Okay, so today we are going to start our discussion of dissipation in quantum mechanics because

last time when we for example discussed the measurement of a qubit we already saw that

this is an important process where a qubit first is in the excited state and then at

some point suddenly randomly it decays. And the same happens of course with an atom that

spontaneously emits a photon at a random point in time or also the same could be said about

a cavity containing a photon where the photon then suddenly leaks out. And the question

is how to describe dissipation in quantum systems and it turns out that it's not quite

as simple as to describe dissipation in classical systems where you would just enter a friction

force in the equation of a question.

So the typical examples would be decay of an atom, a decay of a photon out of a cavity,

or more directly quantum mechanical processes such as that if you have a superposition to

start with which is coherent and has a definite phase relation then this phase might get random

and that is called dephasing.

So describing dissipation is really very important whenever you discuss time evolution in quantum

mechanics because it hardly ever happens that the time evolution is so fast that decay doesn't

take place during this time.

So our goal will be to discuss the simplest possible description of dissipation in quantum

mechanics which is known as a quantum master equation.
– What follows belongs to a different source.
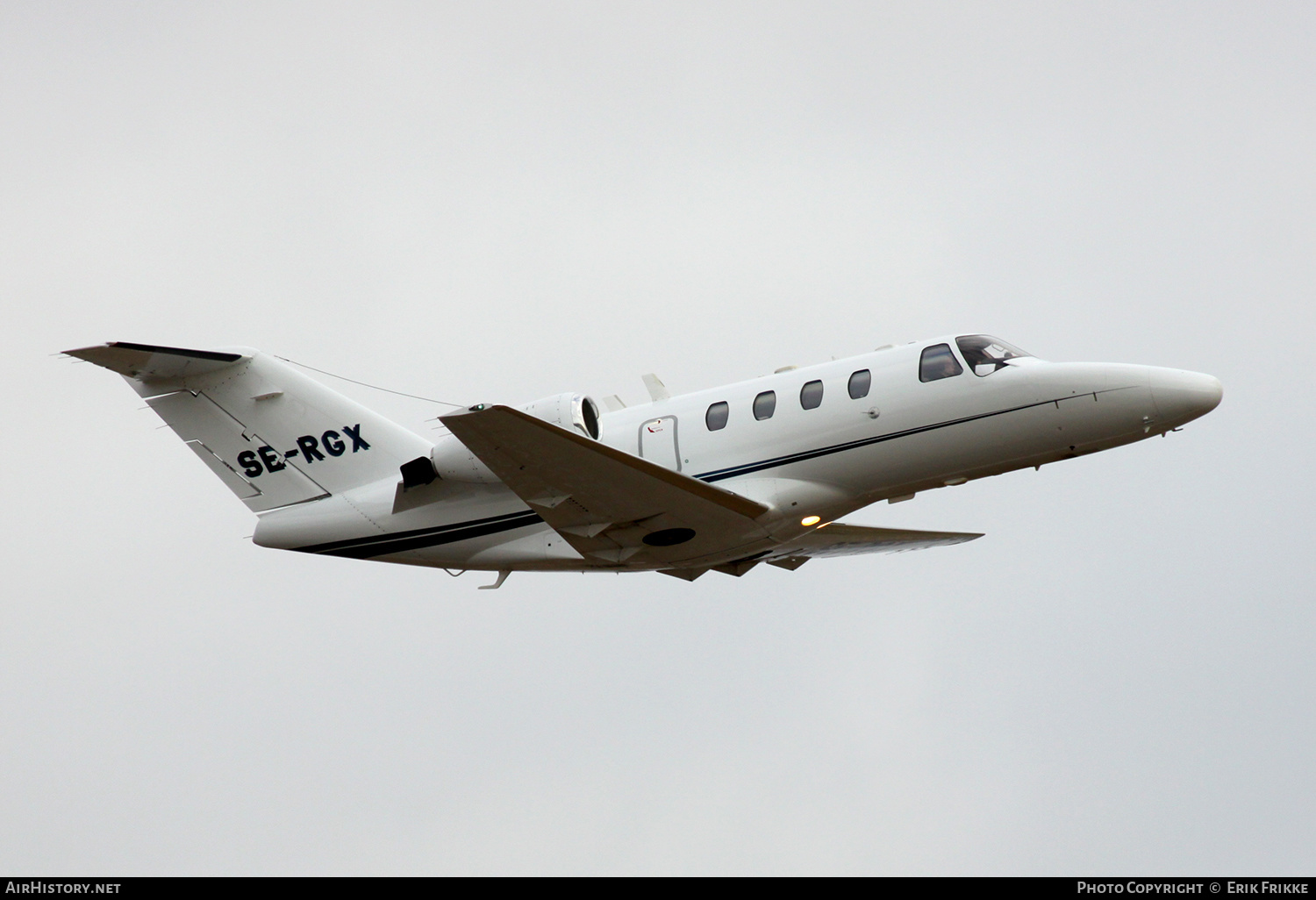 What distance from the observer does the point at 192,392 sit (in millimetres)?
20000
But before we get to that I just

want to give you one example of where it is actually possible in principle to calculate

exactly what happens during such a dissipative process.

And that would be the spontaneous decay of an atom.

So what would be the proper Hamiltonian to describe this system? Well, you first include

the fact that you have your atom and again be approximated by a two-level system.

Then you have the bath of normal modes of the electromagnetic field. Think of plane

waves and vacuum. And each of those is of course represented by a harmonic oscillator.

So that would be typically called the bath similar to a heat bath known from classical

statistical physics which is the infinite reservoir which you couple to in order to

establish a equilibrium. So this can take up any amount of energy.

And then finally there will be the interaction between the atom and the bath and I want to

write in this manner sigma x would be the operator that induces the transition between

the two levels of the atom. That is essentially the dipole operator in the correct physical

setting. And f would be proportional to the electric field at the point of the atom.

And so f you could write in terms of these normal modes and it would be linear again

in these mode operators. And that is of course a Hamiltonian which in one way or another

we have seen several times.

Now it turns out that this can be solved exactly at least under the approximation of doing

the rotating wave approximation which you know just means that you keep only those terms

which approximately at least conserve the energy.

So instead of having sigma x multiplied by a plus a dagger you just keep those terms

where the atom is excited when the photon is destroyed or the atom is de-excited which

relaxes to its ground state while limiting a photon.

And then if you assume that your initial state is simply the state where the atom is excited

but everything else is in the vacuum state that means zero photons in all the modes then

an exact solution is possible. There is an exact solution of the Schrodinger equation

for this system.

And this exact solution even has a name. It is called the Weisskopf-Biegner solution.

So this dates back really to the very beginning of the new quantum mechanics around 1930.

That was one of the first applications of the new quantum mechanics in quantum field

theory.

I will not go through the solution even though it is a very beautiful piece of mathematics.